:: Work to be completed ::
Produce the lines from the one containing "After that, click" through the end of the material exactly as they appear, both ends included, and leave the pictures out.

:: Data section ::
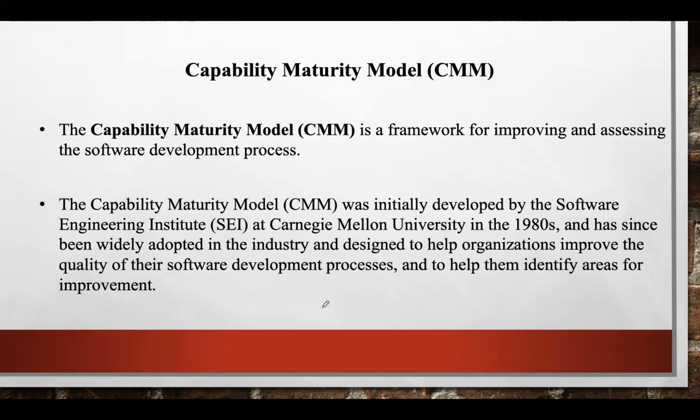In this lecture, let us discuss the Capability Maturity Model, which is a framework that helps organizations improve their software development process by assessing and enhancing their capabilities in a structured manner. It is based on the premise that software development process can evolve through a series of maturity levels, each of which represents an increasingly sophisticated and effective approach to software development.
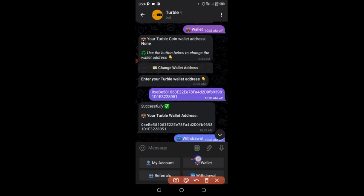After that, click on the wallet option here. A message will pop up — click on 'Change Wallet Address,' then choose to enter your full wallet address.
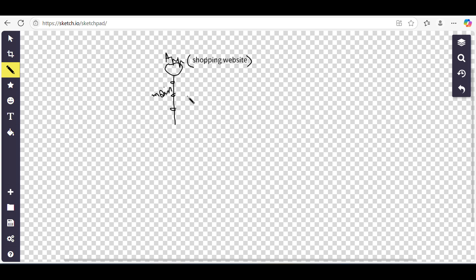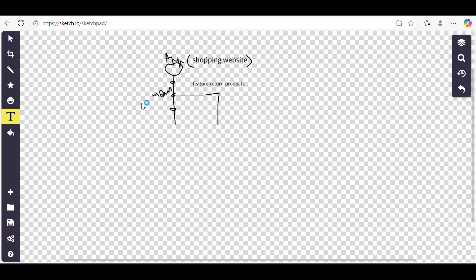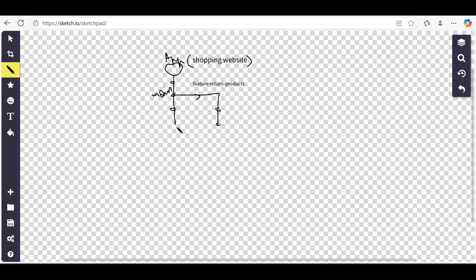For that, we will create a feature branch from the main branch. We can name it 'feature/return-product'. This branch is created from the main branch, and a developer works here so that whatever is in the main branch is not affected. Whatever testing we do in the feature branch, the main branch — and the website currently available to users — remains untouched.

:: Answer to the exercise ::
After that, click on the wallet option here. A message will pop up — click on 'Change Wallet Address,' then choose to enter your full wallet address.
For that, we will create a feature branch from the main branch. We can name it 'feature/return-product'. This branch is created from the main branch, and a developer works here so that whatever is in the main branch is not affected. Whatever testing we do in the feature branch, the main branch — and the website currently available to users — remains untouched.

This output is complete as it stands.